Different kinds of corals:
There are two main types of corals - hard,stony corals that build reefs and the soft corals that dont. They often have very descriptive names.
- BRAIN CORAL :- The wrinkled ridges of this hard coral make it look like a giant brain.
- FAN CORAL:- The polyps of fan coral link together to form a large lacy skeleton.
- DEAD-MAN'S-FINGERS :- The tentacles of these polyps look like decomposing fingers.
- STAGHORN CORAL :- This antler-like coral is one of the speediest growers on the reef.
Different kinds of coral reefs:
- FRINGING REEFS :- These reefs follow the shorelines of continents and islands in tropical sea, and are found close to shore. This is the most common type of coral reef and it is found in the Caribbean and Red Sea.
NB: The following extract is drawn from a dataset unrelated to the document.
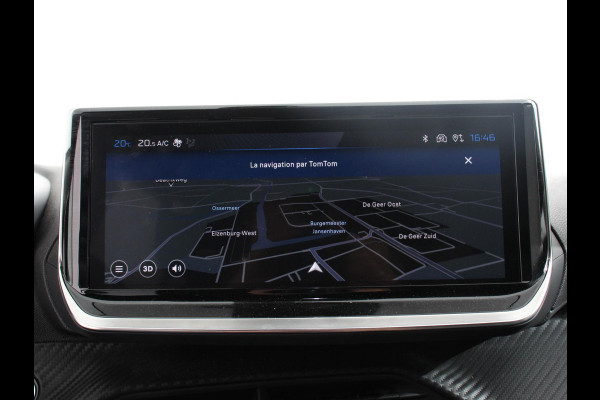 Peugeot e-2008 EV Allure 50 kWh Navigatie Apple Carplay Android Auto Camera Parkeerhulp Adaptive cruise control Dodehoekassistent Full Led Climate Control Virtual Cockpit Lichtmetalen velgen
- BARRIER REEFS :- Lying further offshore, barrier reefs are separated from land by a deep lagoon. Most famous of it is the Great Barrier Reef in Australia.
- ATOLL REEFS :- A ring of coral that grows on top of a sunken volcano, forming a lagoon, is called an atoll. Mostly they are found in the Pacific Ocean and Indian Ocean.
- PATCH REEFS :- Patches of young coral commonly grow at the bottom of the sea in the lagoon behind a barrier or atoll reef.
- PLATFORM REEFS :- When coral reaches the surface of the sea and branches out, growing horizontally, a platform reef is formed. eg. Torres Strait.
Greatest reefs of the world:
- THE GREAT BARRIER REEF, AUSTRALIA: About 3,000 reefs combine to form the largest living structure on Earth, more than 2,010 km (1,250 miles) long. It is the home to 500 species of corals, 400 species of seaweed, 1,000 species of sea sponge, 174 species of bird, 1,500 species of fish, 30 species of mammal.
- KWAJALEIN, MARSHALL ISLAND : The world's largest atoll surrounds a lagoon 97 km (60 miles) long.
- BIKINI ISLAND, SOUTH PACIFIC
- LIGHTHOUSE REEF, BELIZE : At the centre of this Caribbean atoll lies the Great Blue Hole, 145 m deep.